3 men jailed for terror attack plots, including plan to assassinate Ben Gvir with rocket-propelled grenade
Sam Sokol is the Times of Israel's political correspondent. He was previously a reporter for the Jerusalem Post, Jewish Telegraphic Agency and Haaretz. He is the author of "Putin’s Hybrid War and the Jews"

A Beersheba court sentences three men to three and a half years in prison for plotting a series of terror attacks in Israel — including a plan to assassinate National Security Minister Itamar Ben Gvir with a rocket-propelled grenade.
Last April, the Shin Bet security agency announced that it had foiled plans by a cell of Arab Israelis and West Bank Palestinians to carry out terror attacks in Israel and the West Bank, including assassinating Ben Gvir.

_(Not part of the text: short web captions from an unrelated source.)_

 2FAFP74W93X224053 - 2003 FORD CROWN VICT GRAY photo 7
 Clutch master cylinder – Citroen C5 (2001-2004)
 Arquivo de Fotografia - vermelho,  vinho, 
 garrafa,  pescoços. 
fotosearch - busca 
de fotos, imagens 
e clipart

According to the Shin Bet, the cell planned attacks against IDF bases and other sensitive sites, including Ben Gurion Airport and the government complex in Jerusalem.

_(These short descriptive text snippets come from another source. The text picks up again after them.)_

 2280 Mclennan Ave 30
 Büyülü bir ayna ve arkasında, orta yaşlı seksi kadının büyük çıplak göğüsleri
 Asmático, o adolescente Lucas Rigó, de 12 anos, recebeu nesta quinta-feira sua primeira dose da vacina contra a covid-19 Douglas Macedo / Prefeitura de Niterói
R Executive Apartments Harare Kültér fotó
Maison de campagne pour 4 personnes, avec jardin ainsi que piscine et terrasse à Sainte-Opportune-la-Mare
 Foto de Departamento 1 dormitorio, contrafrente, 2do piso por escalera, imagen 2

The men, two from the Bedouin city of Rahat in the northern Negev and one from the West Bank, received lighter sentences after reaching a plea bargain in which the charges against them were downgraded from “conspiracy to aid the enemy” to “disclosure of a decision to betray.”
Following the sentencing, Ben Gvir decries the plea agreement as a “disgrace” and accuses the state prosecutor of “endangering him and all the ministers of the government of Israel.”
Ben Gvir asserts that such a move “sends a message encouraging terrorism: Continue to try to carry out assassinations and damage symbols of government – and you will get away with it cheaply.”
“The absurdity is doubly serious when you realize that no one bothered to talk to me before the [plea] agreement, and did not accept my position – contrary to the law. This is not harm to me personally, but to the entire country,” Ben Gvir says in a statement.